His invisibility is invaluable for Primus. He now spends his time validating and generating session ids without the user even know it's there. It's a fully transparent process, it's invisible, it's Mirage. The generated session ids can be persisted if needed.
This is a plugin for the Primus framework and can be installed using npm
:
npm install --save mirage
The --save
tells npm
to automatically add the installed version to your
package.json.
This module assumes that you're using either the primus-emit
or the primus-emitter
module,
for emitting events. Please see their sites to get detailed installation
instructions.
The mirage
plugin should be the first plugin you load in Primus. This is
because it will buffer incoming messages while it's validating or generating
an id. If you don't do this, you will experience loss of data/messages!.
Even the fortess-maximus
plugin,
that is generally added as the first plugin, should be loaded after mirage
.
To add this plugin to your Primus server simply call the .plugin
method on the
Primus instance:
primus.plugin('mirage', require('mirage'));
Now that you've added the plugin, a new object, .id
is available on your Primus
instance. This object allows you to interact with the mirage
plugin.
The maximum time it should take to validate or generate a session id. If a timeout occurs all messages will be flushed and the callback will be called with an error. You can assign the timeout directly using:
primus.id.timeout = 2000;
It's also possible to configure this value using the mirage timeout
option
in the Primus constructor:
var primus = new Primus(httpsserver, {
'transformer': 'engine.io',
'mirage timeout': 5000
});
The generator method allows you to assign a custom id generator. By default we
generate 8 random bytes using the crypto
module. To set your own generator
simply call the primus.id.generator
with the function that you want to use.
The supplied function will receive 2 arguments:
spark
A reference to the spark instance that is attempting to connect to your server.function
An error first callback which assumes to receive an error as first argument if generation failed and the generated id as second argument.
primus.id.generator(function generate(spark, fn) {
asyncLookup(spark.query.customquerystring, function (err, account) {
if (err) return fn(err);
fn(undefined, account._id);
});
});
The validator method is called when we receive a pre-defined id. By default
we just allow all the things, but this can be overridden by supplying the
primus.id.validator
with a custom validator function.
The supplied function will receive 2 arguments:
spark
A reference to the spark instance that is attempting to connect to your server.function
An error first callback. If you fail to validate the id, we assume that you pass this function anError
instance as first argument.
primus.id.validator(function validator(spark, fn) {
accountdb.exists(spark.mirage, function (err, exists) {
if (!err && !exists) err = new Error('Invalid id');
fn(err);
});
});
As you can see in the example above, the mirage id
is introduced on the spark
as spark.mirage
. You can use this id to validate the connection.

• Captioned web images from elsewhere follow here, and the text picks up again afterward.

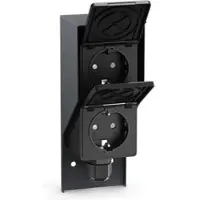 Ledscom.de Außen-/Feuchtraumsteckdose PIWI, Aufputz, IP44, 2-fach Schuko, 16A/230V, Edelstahl, Kunststoff, anthrazit, senkrecht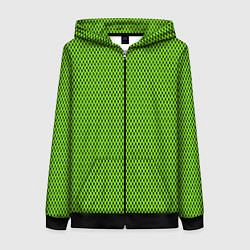 Толстовка на молнии женская Кислотный зелёный имитация сетки, цвет: 3D-черный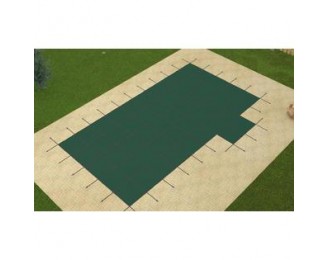 ® 18x36 Rectangle GREEN SOLID Ultra Loc II Safety Cover w/ Step & Drain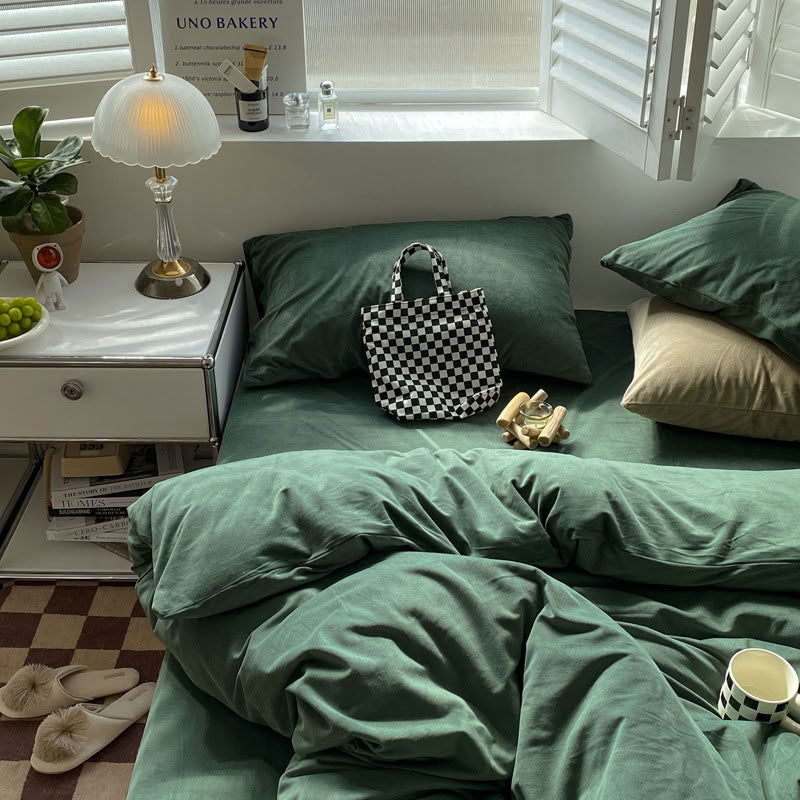 Solid Color Velvet Bedding Set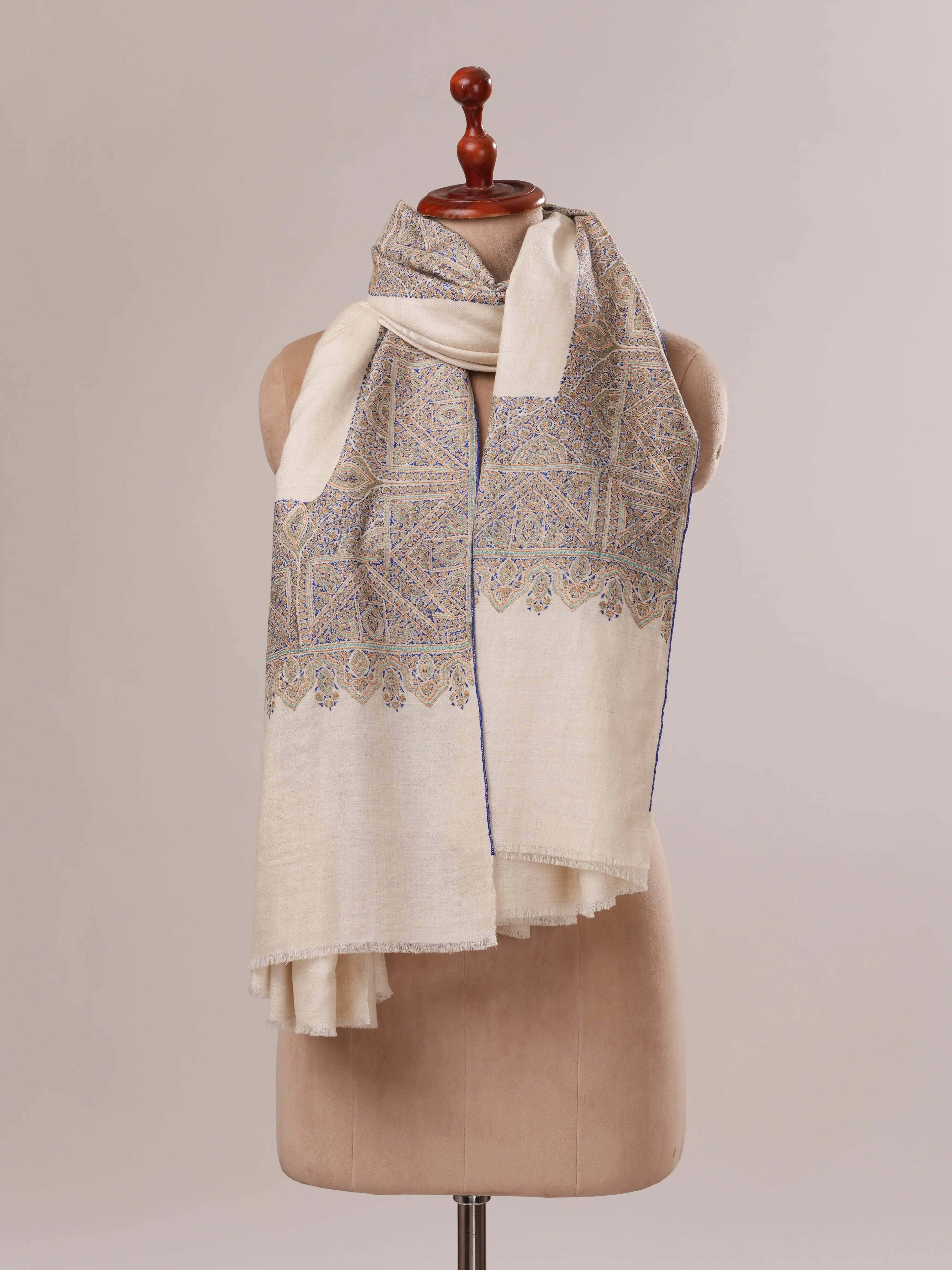 Ivory Kalandaur Pure Pashmina Shawl with Detailed Hand Embroidery Shahkaar.com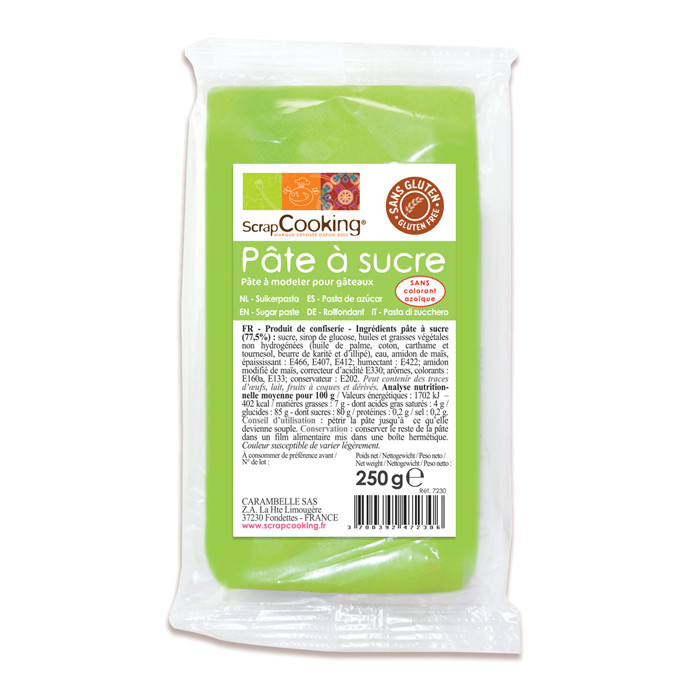 Creacorner  Sachet pâte à sucre vert 250g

Now there are
cases where you don't want to end the connection by supplying the callback with
an error but you actually want to re-set a new session id. Well that's also
possible with the validator as it can also act as a generator. To generate a
new session id you can call the callback with the new id as the second argument:
primus.id.validator(function validate(spark, fn) {
if (spark.mirage === 'old') return fn(undefined, 'new');
if (spark.mirage === 'new') return fn(undefined, 'old');
fn(new Error('The id is neither new or old'));
});
The plugin also ships with a client API. This client API can be used for
persisting the sessions across reconnects, refreshes and more. To re-use an id
simply add the mirage
option in the client when connecting.
var socket = new Primus('https://example.org', {
mirage: readcookie('sessionid')
});
When you receive a new session id from the server we emit a mirage
event:
socket.on('mirage', function (id) {
savecookie('sessionid', id);
});
The id is also always available at: socket.mirage
, but this is only after the
connection has generated an id or if you've manually supplied it.